There is an interactive version of this piece on Words and Buttons: https://wordsandbuttons.online/programmers_introduction_to_linear_equations.html
Systems of linear equations are usually taught in high school or college. Chances are, you already know how to solve them in several ways of which you have never had to use any in practice.
So why would you want a guide on that?
One reason is since the subject is widely known, it makes a perfect specimen to show a bunch of algorithmic stuff on. What’re iterative algorithms? What’s convergence? What’s error? How do you measure complexity? When it’s not working and why?
These questions are worth a series of lectures each on their own, but it’s rather easy to illustrate them using a thing as simple as a linear system.
Moreover, it’s not even that simple. It is easy conceptually, but there are corner cases, computational problems, and complexity constraints, — all the things that make programming interesting. Learning about them, or simply reviving what you already know, is the second reason you might want to read this guide.
So let’s start from the trivialities and make our way into something fascinating, shall we?
Let’s say you have two linear equations with two variables each. If these equations constitute a system, then there may be some combination of variables’ values for which both equations hold true. This is called a solution.
Generally, for the system of two linear equations in two variables each, there is one solution. Not two, not a hundred, but one. It’s easy to imagine because every linear equation is the same as a plane equation, which is in our two-dimensional case a simple straight line. When two lines intersect anywhere in space, they only intersect once.
But they may as well not intersect at all or coincide completely. That makes corner cases for a linear solver.
First of all, we don’t always deal with n-equation of n-variables. If there are fewer equations than variables, then the system is underspecified. For our case, 1 equation with 2 variables, every point on the line the remaining equation specifies is a solution. Because yes, it satisfies all the equations just fine. But imagine two parallel planes in three-dimensional space. They also constitute an underspecified system, but they never intersect, so there is be no solution at all.
If we have more equations than variables, we call the system overspecified. It probably has no solution at all. Yes, there may be intersections, but these points do not satisfy all the equations at once. Although, if for some happy reason three lines intersect in one single point, then they do satisfy all the equations, and it is a solution.

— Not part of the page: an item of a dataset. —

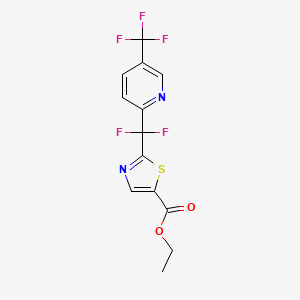 molecular formula C13H9F5N2O2S B2977489 Ethyl 2-(difluoro(5-(trifluoromethyl)pyridin-2-yl)methyl)thiazole-5-carboxylate CAS No. 2126178-80-9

In three dimensions there might even be four planes rotated along the same axis. The whole axis will be the solution.
We really-really have no solution when the system is inconsistent. This means it has parallel things in it. Lines, or planes, or hyperplanes, — if at least two of them never intersect, then there is no solution.
And we may have an infinite number of points as a solution if the system has at least two things that coincide. Regarding equations and not planes this is called linear dependency. Well, we still might have one or none if there are other things, but that will presume that our system is overspecified as well.

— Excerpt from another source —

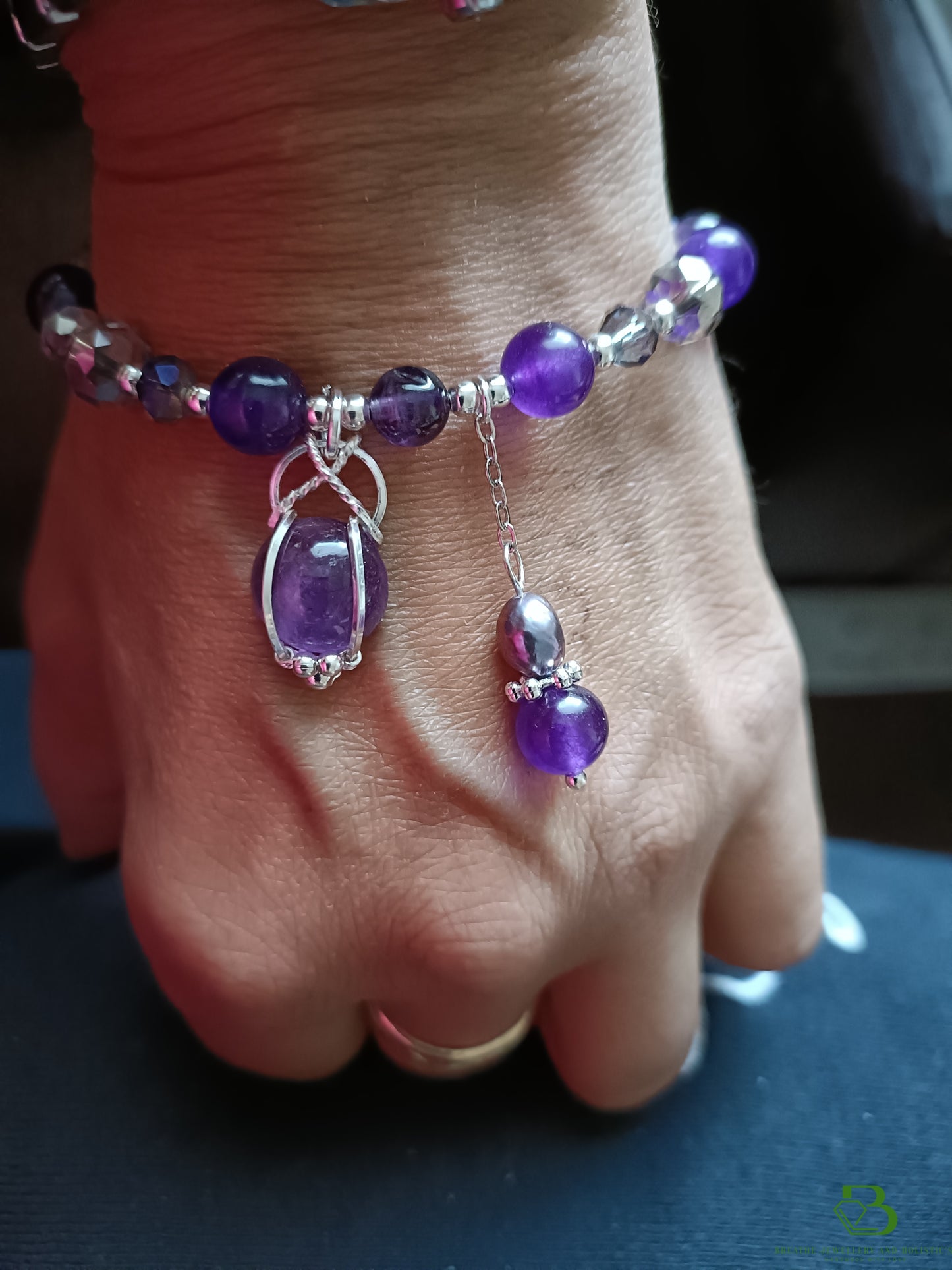 Custom Handmade Amethyst Charm Bracelet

Usually, the code we use to solve a system doesn’t do well with corner cases. It may detect that there is no solution, or return the first best point if solution holds an infinite number of them.
Or just crash, or hang up forever.
Let’s take a look at the simplest iterative solver. We all know the very basic properties of a right triangle. As soon as there is a triangle and it is right-angled, we just know that the hypotenuse is longer than the cathetus. Now if we take an arbitrary point in space, and its projection on one of the lines from the equation, and the solution (whichever it is), we will form a right triangle, right? And the distance from the solution to the projection will be smaller than to the original point.
So if we project the point onto one of the lines, it will get a little bit closer to the solution than before. If we then project this new point to another line, it will get even closer. We will just repeat it iteration after iteration, that’s why it’s called an iterative algorithm, until we done.
Well, technically we will never really hit a solution, so we can do this all day. But at some point, the distance to the solution will be less than some tiny number we consider an acceptable algorithm error.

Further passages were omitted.